(Pictures with short captions)

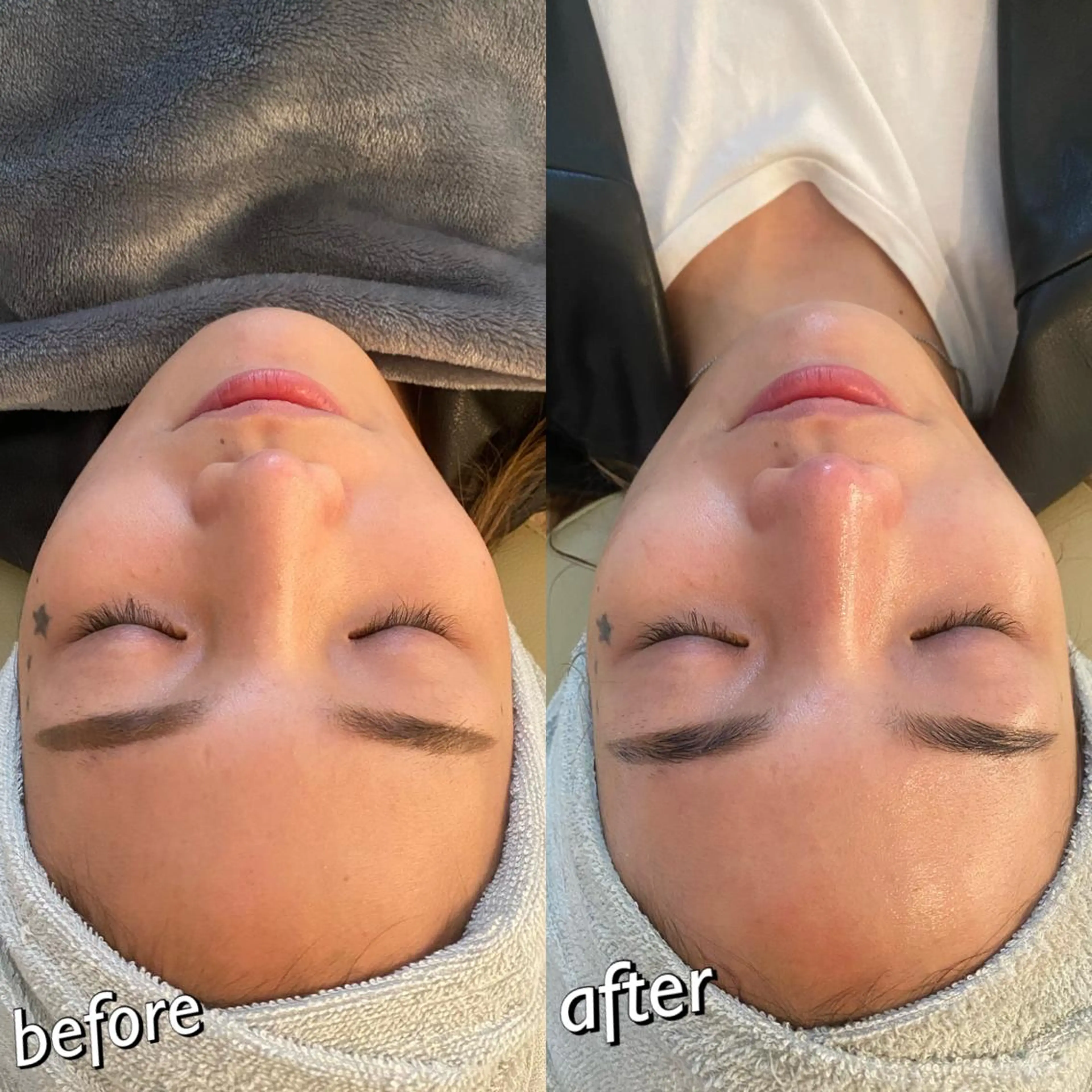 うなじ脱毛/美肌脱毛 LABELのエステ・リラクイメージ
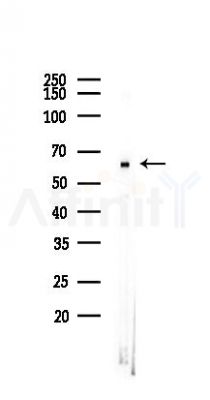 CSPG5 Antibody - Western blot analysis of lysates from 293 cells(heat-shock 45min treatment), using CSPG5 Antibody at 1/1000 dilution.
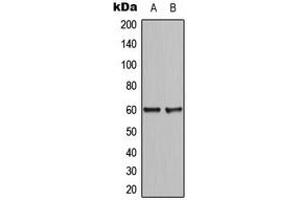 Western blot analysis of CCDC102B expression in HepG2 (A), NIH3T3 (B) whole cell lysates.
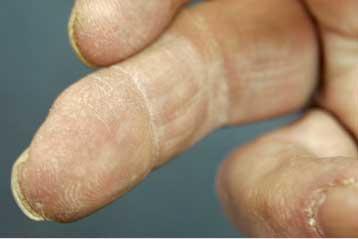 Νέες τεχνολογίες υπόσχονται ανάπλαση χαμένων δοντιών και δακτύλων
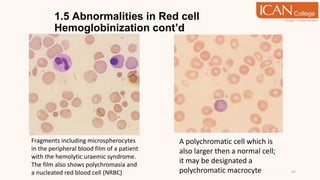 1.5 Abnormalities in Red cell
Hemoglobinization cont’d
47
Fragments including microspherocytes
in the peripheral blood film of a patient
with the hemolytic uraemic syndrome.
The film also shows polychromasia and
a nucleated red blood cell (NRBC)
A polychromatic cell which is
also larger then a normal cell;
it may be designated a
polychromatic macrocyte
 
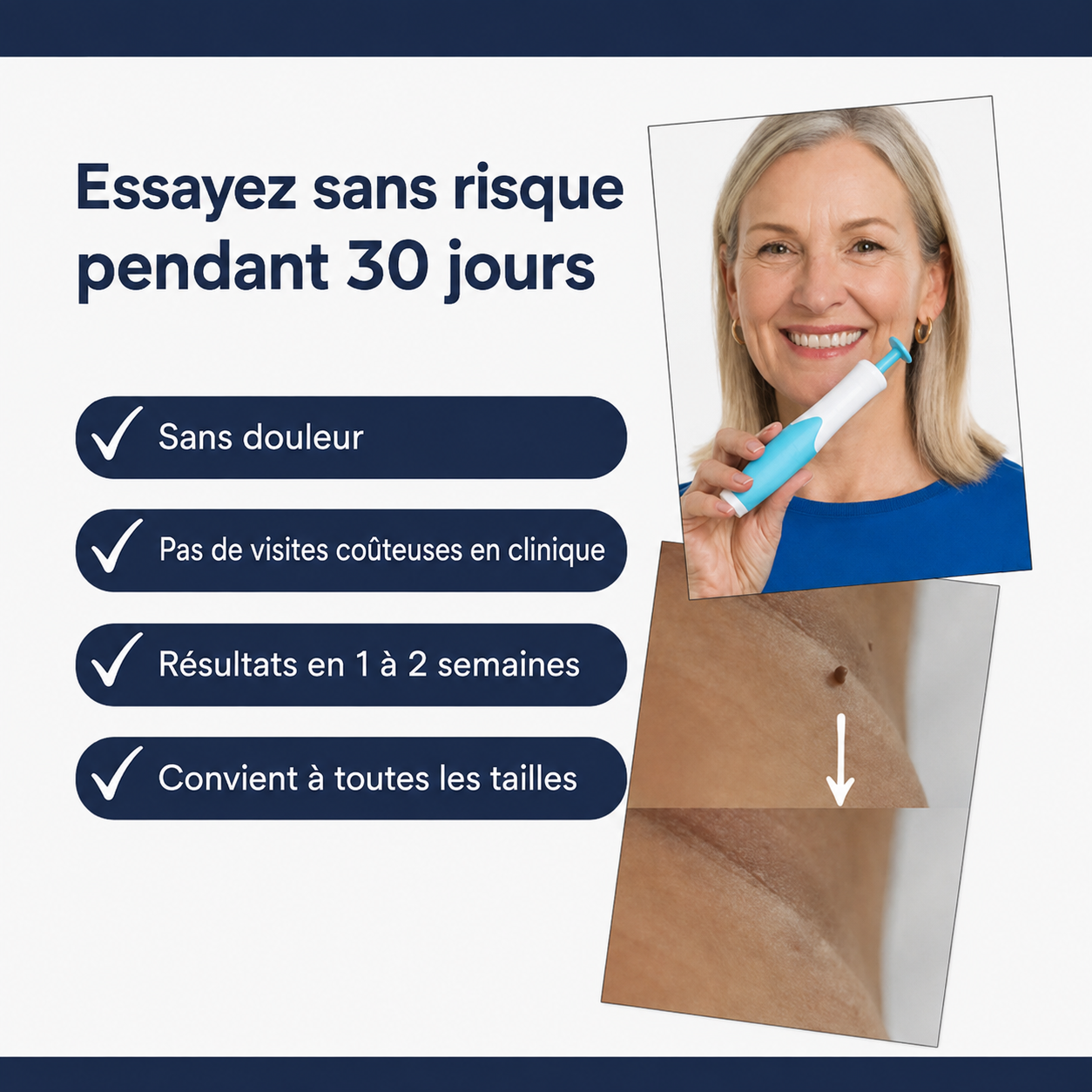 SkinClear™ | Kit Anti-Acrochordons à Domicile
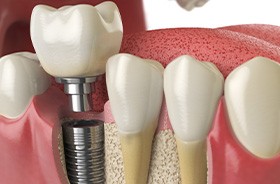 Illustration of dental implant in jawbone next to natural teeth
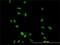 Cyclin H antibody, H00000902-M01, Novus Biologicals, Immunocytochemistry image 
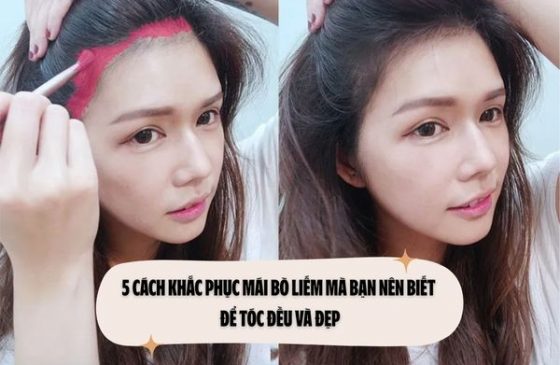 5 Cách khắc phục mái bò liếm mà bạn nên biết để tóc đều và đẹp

**Work instruction**
Restate the data word for word while omitting each picture.

**Task answer**
 うなじ脱毛/美肌脱毛 LABELのエステ・リラクイメージ
 CSPG5 Antibody - Western blot analysis of lysates from 293 cells(heat-shock 45min treatment), using CSPG5 Antibody at 1/1000 dilution.
 Western blot analysis of CCDC102B expression in HepG2 (A), NIH3T3 (B) whole cell lysates.
 Νέες τεχνολογίες υπόσχονται ανάπλαση χαμένων δοντιών και δακτύλων
 1.5 Abnormalities in Red cell
Hemoglobinization cont’d
47
Fragments including microspherocytes
in the peripheral blood film of a patient
with the hemolytic uraemic syndrome.
The film also shows polychromasia and
a nucleated red blood cell (NRBC)
A polychromatic cell which is
also larger then a normal cell;
it may be designated a
polychromatic macrocyte
 
 SkinClear™ | Kit Anti-Acrochordons à Domicile
 Illustration of dental implant in jawbone next to natural teeth
 Cyclin H antibody, H00000902-M01, Novus Biologicals, Immunocytochemistry image 
 5 Cách khắc phục mái bò liếm mà bạn nên biết để tóc đều và đẹp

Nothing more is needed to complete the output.